Burning Questions
Burning Questions
Peitho Volume 26, Issue 2, Winter 2024
Author(s): Benjamin Zender
Benjamin Zender has degrees from Syracuse University (BA), University of Massachusetts Amherst (MA), and Northwestern University (PhD). Zender is a multidisciplinary teacher, researcher, and performer who explores why we collect, care for, and publicly exhibit objects. Zender currently serves as the Public Humanities Fellow at Sarah Lawrence College in partnership with the Yonkers Public Library. At Sarah Lawrence, they teach classes in public humanities, gender and sexuality studies, and performance. At the Yonkers Public Library, Zender leads an initiative to reimagine the library’s special collections in the “Local History Room” as a vibrant community space. Through a series of workshops, day-long public events, and expanded research resources, the library hopes to build community trust, ensuring broader access, and reexamine library archival collections practices to include broader documentation of life and culture in Yonkers and the greater Westchester area. Zender’s interest in this project stems from their work grassroots archivists queer, trans, and women of color archivists who curate grassroots archives. This work centers small independent libraries, museums, and archives as key sites for understanding how marginalized communities build knowledge, history, and community in a world that is ambivalent about their survival.
Tags: grief, mentorship, Minnie Bruce Pratt, pedagogy, process-based writingMinnie Bruce began to teach me thirteen years ago in a cramped circle of tiny desks in a windowless room next to a stack of her notes and an electric kettle. Before our first meeting, she asked the class to email each other our “burning questions,” the “myster[ies] or dilemma[s]” that would frame our work together. And then, for two frequently harried summer weeks, we wrote and revised in response to fifty prompts as we followed these questions. Minnie Bruce provided the space to reckon with something pragmatic, something profound: we faced the reality that a single piece of writing could never actually deliver the urgent desires that demanded it.
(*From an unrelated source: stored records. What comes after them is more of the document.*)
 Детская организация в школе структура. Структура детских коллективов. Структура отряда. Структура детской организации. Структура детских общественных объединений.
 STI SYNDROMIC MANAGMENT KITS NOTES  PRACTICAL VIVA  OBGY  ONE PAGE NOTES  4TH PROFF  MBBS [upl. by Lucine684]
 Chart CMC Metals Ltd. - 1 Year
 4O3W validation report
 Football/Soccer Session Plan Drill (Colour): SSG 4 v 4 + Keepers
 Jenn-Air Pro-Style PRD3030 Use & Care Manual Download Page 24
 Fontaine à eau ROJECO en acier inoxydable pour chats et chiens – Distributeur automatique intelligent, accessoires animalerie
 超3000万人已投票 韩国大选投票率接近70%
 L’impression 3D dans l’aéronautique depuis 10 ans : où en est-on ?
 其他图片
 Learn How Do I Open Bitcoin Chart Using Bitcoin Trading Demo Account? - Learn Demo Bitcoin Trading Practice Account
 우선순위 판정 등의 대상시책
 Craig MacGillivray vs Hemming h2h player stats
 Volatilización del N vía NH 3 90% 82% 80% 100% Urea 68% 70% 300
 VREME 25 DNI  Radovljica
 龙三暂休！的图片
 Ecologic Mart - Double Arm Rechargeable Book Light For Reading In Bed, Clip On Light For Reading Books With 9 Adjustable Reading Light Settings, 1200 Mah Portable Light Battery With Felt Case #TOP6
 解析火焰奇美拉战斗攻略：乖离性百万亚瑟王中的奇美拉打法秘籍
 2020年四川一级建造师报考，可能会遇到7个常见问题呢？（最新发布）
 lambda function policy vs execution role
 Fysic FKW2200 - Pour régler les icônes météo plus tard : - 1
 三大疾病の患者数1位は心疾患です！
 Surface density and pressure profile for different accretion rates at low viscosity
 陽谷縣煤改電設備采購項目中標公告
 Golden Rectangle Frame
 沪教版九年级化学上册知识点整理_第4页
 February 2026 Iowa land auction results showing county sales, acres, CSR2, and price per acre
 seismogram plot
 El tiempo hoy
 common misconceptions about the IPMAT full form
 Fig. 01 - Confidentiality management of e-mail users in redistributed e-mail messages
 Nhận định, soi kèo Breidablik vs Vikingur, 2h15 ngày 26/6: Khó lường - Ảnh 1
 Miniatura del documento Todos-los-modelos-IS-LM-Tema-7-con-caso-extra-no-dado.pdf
More menacing still, it seemed we couldn’t actually begin to grapple with these demands without first producing drafts. Many of them. Each one with the knowledge that no amount of revision or feedback would ever ensure the writing’s sufficiency to ourselves.
Earlier this year, preparing to teach in my first faculty position following my PhD, I tried to use my syllabus to share Minnie Bruce’s lessons on the promises of writing and revising in community. My draft claimed that she described our burning questions as the “visceral, urgent, but often underexamined questions that motivate our intellectual work.” But my description of the burning question is absent from my final syllabus. Then, like now, I knew something was missing. I had made a mental note to email Minnie Bruce. I didn’t.
There were—are—so many of us who depended on Minnie Bruce for pithy and crisp language when we brought her a morass. Minnie Bruce taught us to use a single, located, sensuous moment as a key to the world. It seems so silly to think about the lilt of her voice over the dusty linoleum of a humanities building, as If a mundane moment in an unremarkable classroom could say anything about her you don’t already know.
This writing is not sufficient. I’ve had Peitho’s short call for memorial writing about Minnie Bruce open on my screen for weeks, but I could only write when the option was to something insufficient or nothing at all. Our sole job as writers, according to Minnie Bruce, is to produce something that is honest and accountable enough, and then to let it go. I want to believe I have the wherewithal to contribute to an archive of our love for her, using the tools she helped me develop. Yet, I’m wallowing in the worst kind of irony in trying to write about the mentor who helped me find my voice. It seems my voice just won’t stay found.